CECT Head, Neck & Thorax (Fig. 1b) revealed an osteo expansile lesion with cartilaginous matrix involving condylar and coronoid process of right mandible (measuring approx. 3.1 cm × 3.5 cm × 2.3 cm), abutting the mandibular process of temporal bone superiorly. There was no evidence of osseous destruction.
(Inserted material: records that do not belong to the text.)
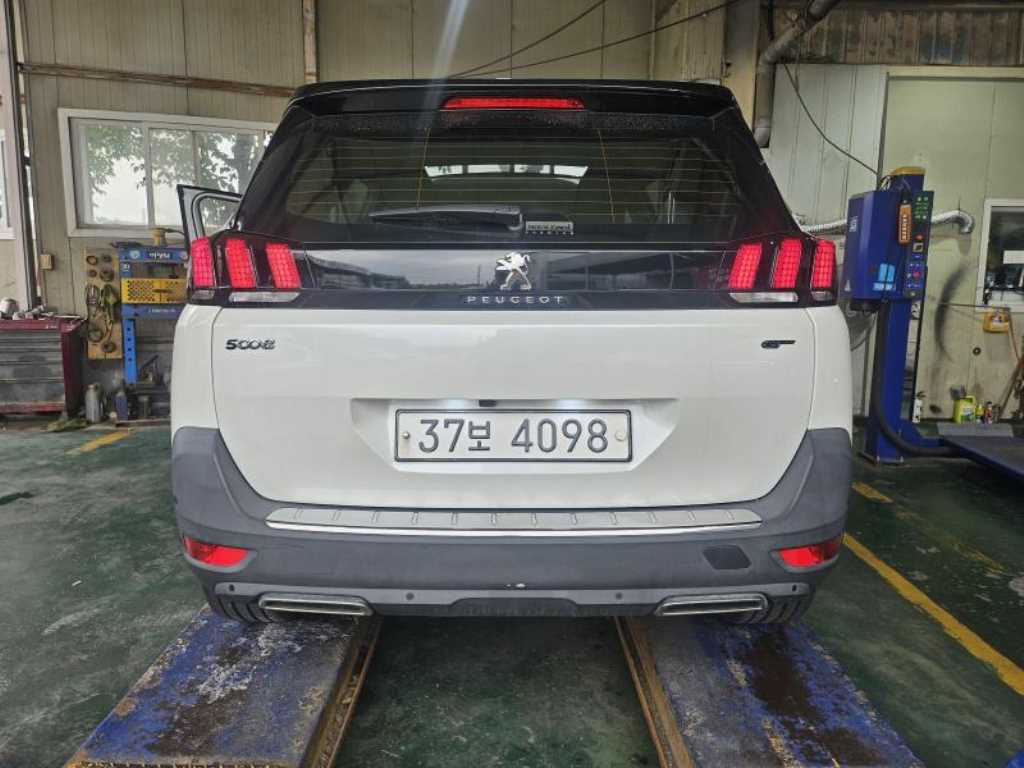 Peugeot 5008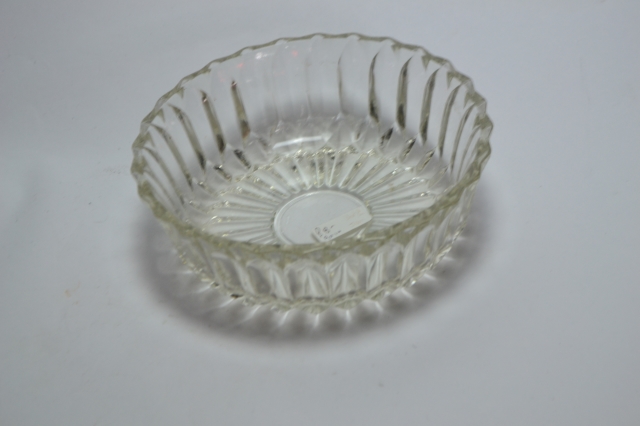 Discover our premium range of glass bowls perfect for any occasion. High-quality, durable, and stylish. Shop now and elevate your dining experience!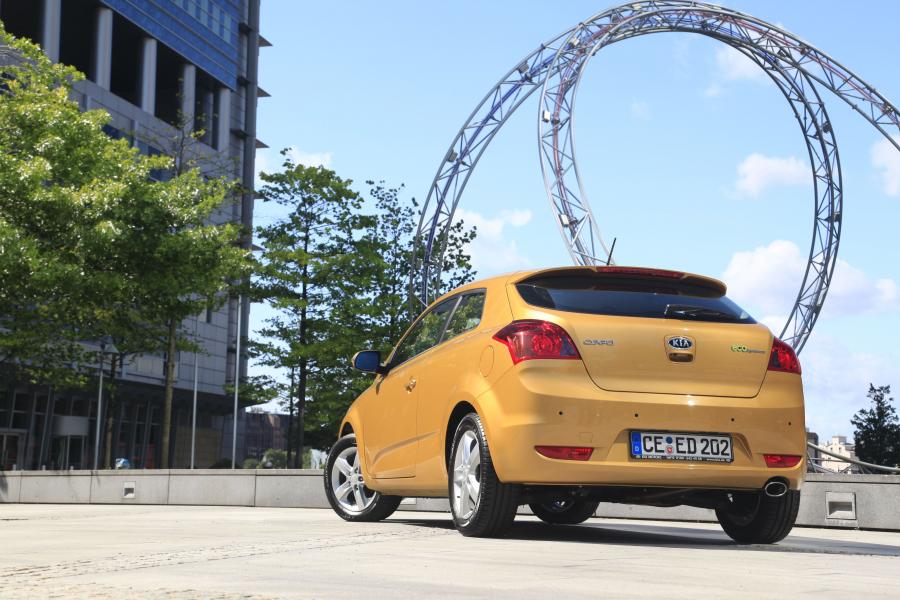  Kia pro_cee&rsquo;d EcoDynamics 2011 года  (фото 81 из 133)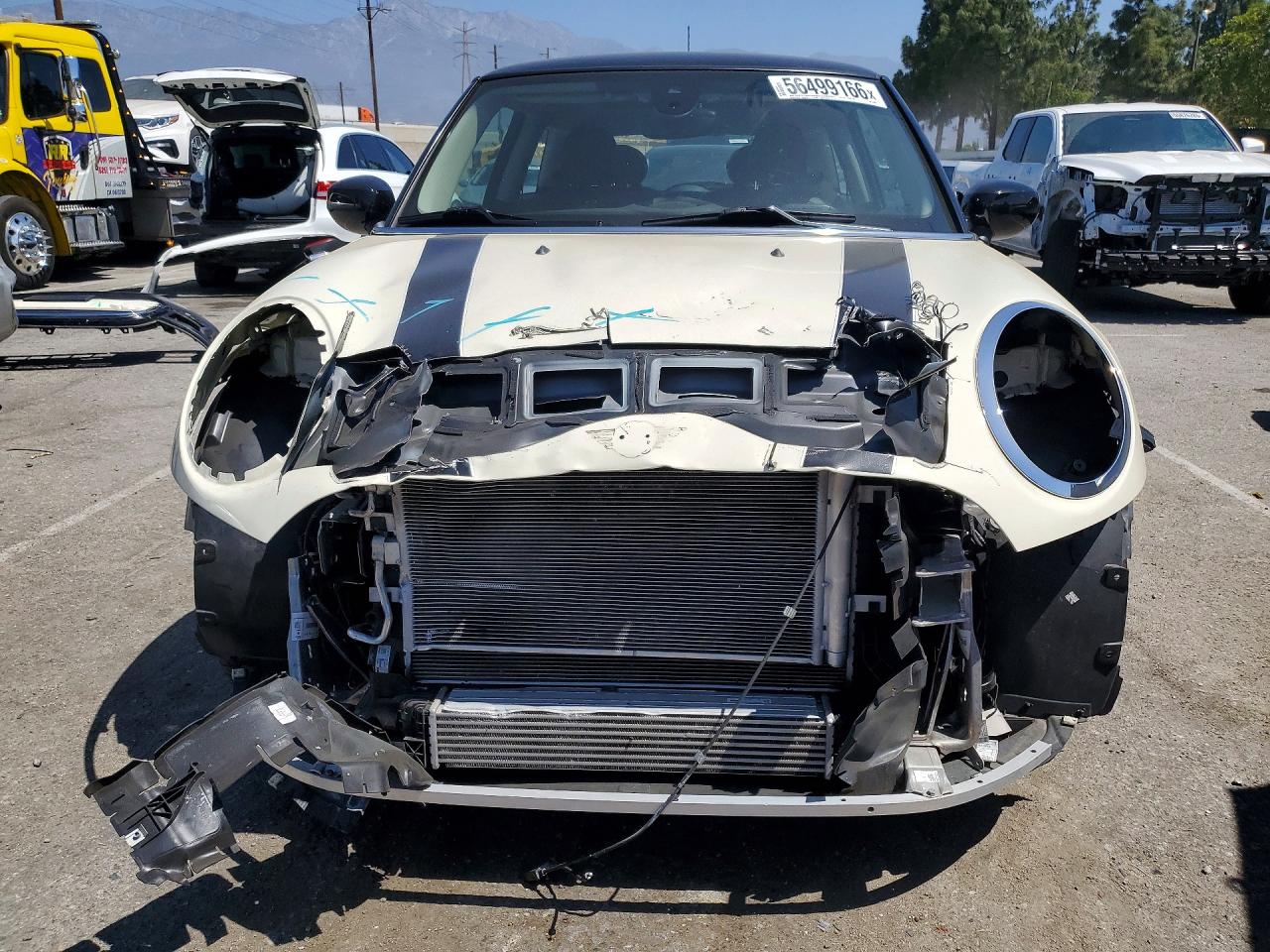 2022 Mini Cooper Beige vin: WMW33DH01N2R06070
There was no evidence of pulmonary metastasis.

A preauricular incision was given and the tumor was resected along with a part of the ascending ramus. The mandibular fossa was found to be uninvolved.

The excised specimen (Fig. 1f) measured 4 × 4 × 3 cm with smooth and capsulated outer surface. The cut section showed greyish white areas along with areas of haemorrhage. On microscopic examination of formalin fixed, paraffin embedded sections stained with haematoxylin and eosin showed atypical tumor cells arranged in sheets with cartilaginous matrix. Individual atypical cells showed high nucleo-cytoplasmic ratio, round hyper lobated, hyperchromatic nuclei and moderate amount of cytoplasm. Binucleate and trinucleate forms were also seen. The diagnosis of well differentiated Chondrosarcoma was made.

Discussion

Chondrosarcoma of the temporomandibular joint is a very rare occurrence [2, 3] and around 30 cases have reported till date [4]. It has been reported in patients as young as 7 years old and as old as 75 years with the mean age of presentation being 46.5 years [4] and with a slight female preponderance [3,4,5]. It usually presents with a preauricular swelling and painful jaw movements [5]. The diagnosis is based on clinical, radiological and Histopathological examination. Radiographically, no pathognomonic findings are associated with chondrosarcoma, although single or multiple radiolucent areas can be seen with calcifications, condylar deformity and bony erosions [3, 4, 6]. Histopathologically, the tumor has been classified into grades I, II, and III based on the frequency of mitoses, cellularity, and nuclear size [2, 5]. In our case, it was a well differentiated chondrosarcoma i.e., Grade-I tumor with moderate cellularity, hyperchromatic nuclei & occasional binucleate and trinucleate cells. Low grade chondrosarcoma has better prognosis and they rarely metastasise [2]. The most effective treatment is surgical resection [5]. Tumour grade and complete resection are the most important prognostic factors for head and neck chondrosarcoma [6, 7]. Radiotherapy is required in cases of unresectable tumors, incomplete resected tumors and in high grade tumors as post op adjuvant therapy (7). In our patient there was no clinical or radiological evidence of metastasis or local infiltration so a simple excision without neck dissection sufficed. Post-surgical excision there has been no recurrence in 15 months follow up.